Tercero. Contribuyó a la pervivencia de la imagen de la mujer que requería el tradicionalismo patriarcal y machista. Lo hizo en 1881 en un ensayo titulado La mujer de Navarra (Euskal-Herría, tomo 2º, San Sebastián. Lo reproduciría Príncipe de Viana en 1946, en su número 25).

Su punto de partida es solemne: “Estamos en Navarra, pueblo donde son leyes las costumbres, y donde el uso y la ley arraigan en lo inmemorial; pueblo por consiguiente, donde la mujer, que tiene siempre real y legítima influencia en toda tierra cristiana, ha de reinar con soberano influjo, como depositaria y guardadora en el hogar doméstico del arca santa de la tradición, ese tesoro popular de amor y fe, rico patrimonio de todas las generaciones”.

Villoslada es tan inmovilista que dirá: “La mujer navarra ha sido siempre idéntica a sí misma”. Ni que la hubiera creado Parménides, en lugar de Dios: “ni los accidentes topográficos, ni la variedad de climas, ni la consiguiente confusión de sangre, han podido alterar el fondo de lo que constituye el tipo de la mujer navarra, siempre idéntico a sí mismo”.

Distinguirá entre mujer vascona y mujer navarra. Pero no asustarse por esta dicotomía, porque “si la mujer vascona era religiosa, también, lo es la navarra”, en posesión, además de un “carácter, altivo, belicoso y fuerte”. Luego, la hermana de Sarasate, Francisca Sarasate de Mena, protestaría diciendo que la mujer navarra no era un marimacho, pues, también, tenía “sentimientos y era capaz de emocionarse”.

Según el criterio de Villoslada, “la montañesa es la más ibérica, la más vascongada y la más primitiva. Sus modales proceden, no de la raza, sino de la tribu euskara donde ha nacido”. La ribereña “cuida principalmente de la casa y procura hacer mucho en poco tiempo, para que le queden horas de holgura o de solaz; rara vez sale al campo”.

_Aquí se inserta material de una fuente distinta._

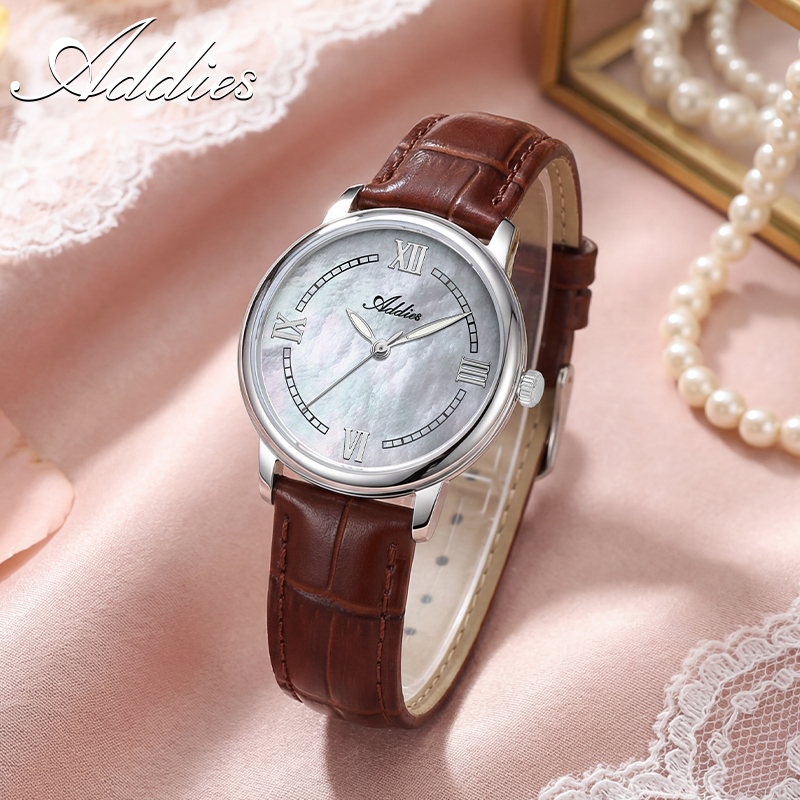 ADDIES Leather Quartz Woman Wa - Luxury Watch Case Travel review and price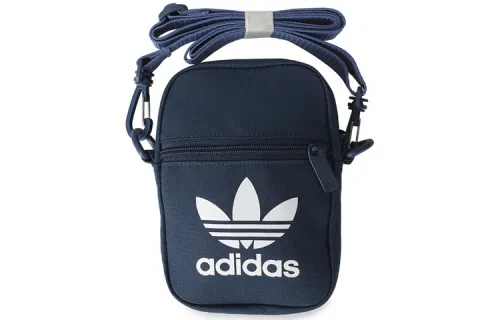 Adidas Originals Trefoil Polyamide Crossbody Bag, Shoulder Bag Unisex Navy Blue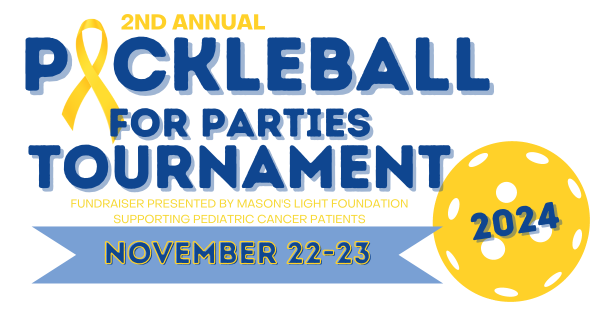2nd Annual Pickleball for Parties Tournament logo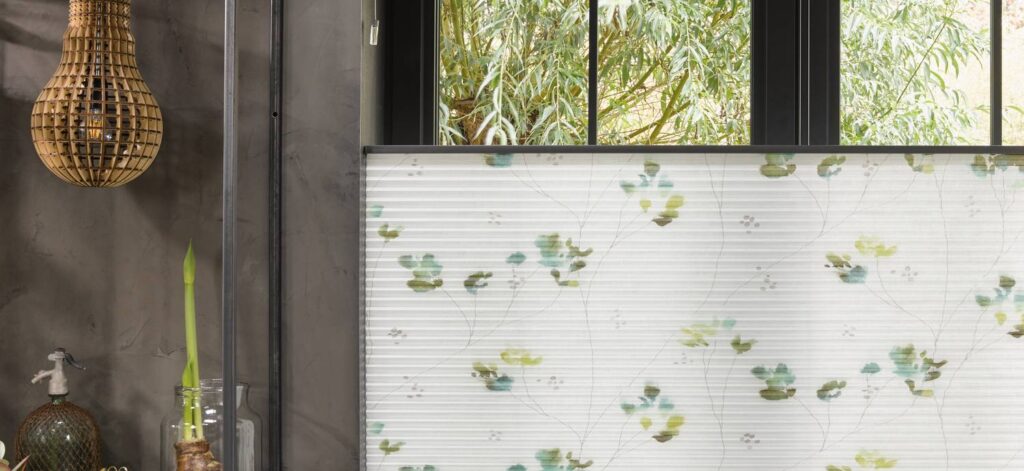 Luxaflex Bottom-Up Patterned Duette Blind from the Scottish Shutter Company
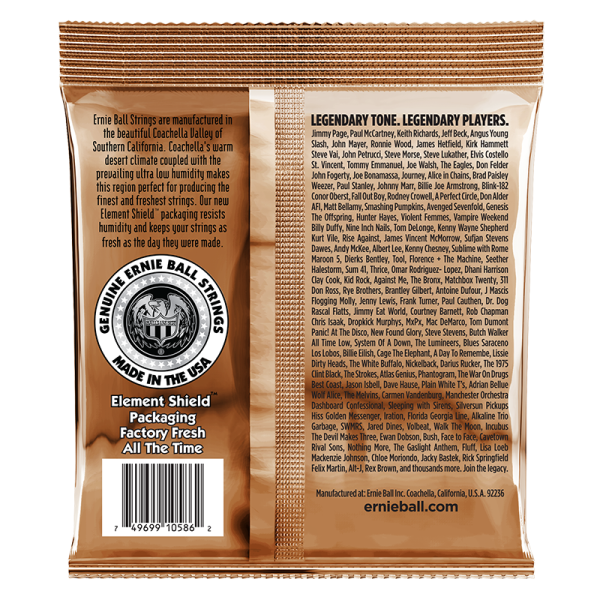 Ernie Ball 2143 Phosphor Acoustic Custom Medium - Image 2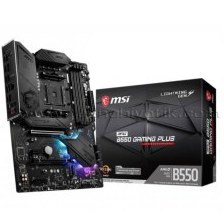 Resim MSI MPG B550 Gaming Plus AM4 DDR4, 4400mHz+ (OC), HDMI, DP, M.2, USB3.2, RGB ATX Anakart 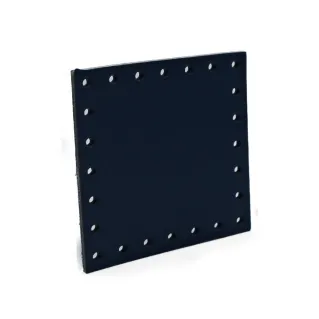Loseta de ecopiel 7x7cm para bolsas y patchwork hecho en Italia Navy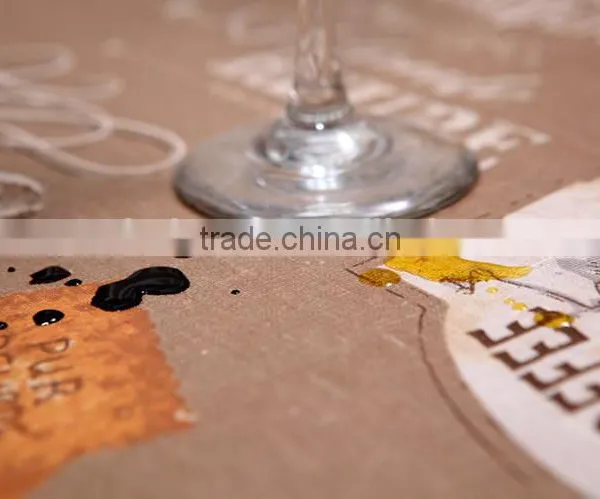 2015 New Design Table Cover, Table Cloth Fabric, Table Cloth Design, Table Cloth Factory photo-4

Sostendrá que “los matrimonios por amor suelen ser menos frecuentes que en otras provincias. En Navarra, abundan los enlaces por conveniencia”, Y, para quien piense lo contrario, “en pocas partes los matrimonios de las clases regularmente acomodadas son más felices y producen mejores resultados”.

La causa es muy sencilla: “la educación religiosa recibida, pues, esta las hace fuertes, como dice la Sagrada Escritura”. De ahí que concluya: “Ninguna provincia de España suministra, en proporción a sus habitantes, mayor número de jóvenes para Hermanas de la Caridad: de ninguna otra quizás salen tantas Superioras de tan sublime instituto”.

Además, y aunque Navarro Villoslada no ofrezca estadísticas, dirá: “(?) la infidelidad conyugal es mucho menos frecuente en Navarra que en otros países. También son raros los celos. Tanto la mujer como el marido tienen la necesidad de ser muy aplicados, si han de conservar el lustre de la casa, y ni uno ni otro tienen tiempo de ser infelices ni celosos”.

Después de lo leído, pregúntese el lector: ¿permitiría en su ciudad que el poder local levantara un monumento en honor de un hombre machista, intolerante, antisemita, homófobo, xenófobo y enemigo de la ciencia, a pesar de haber escrito una novela excepcional?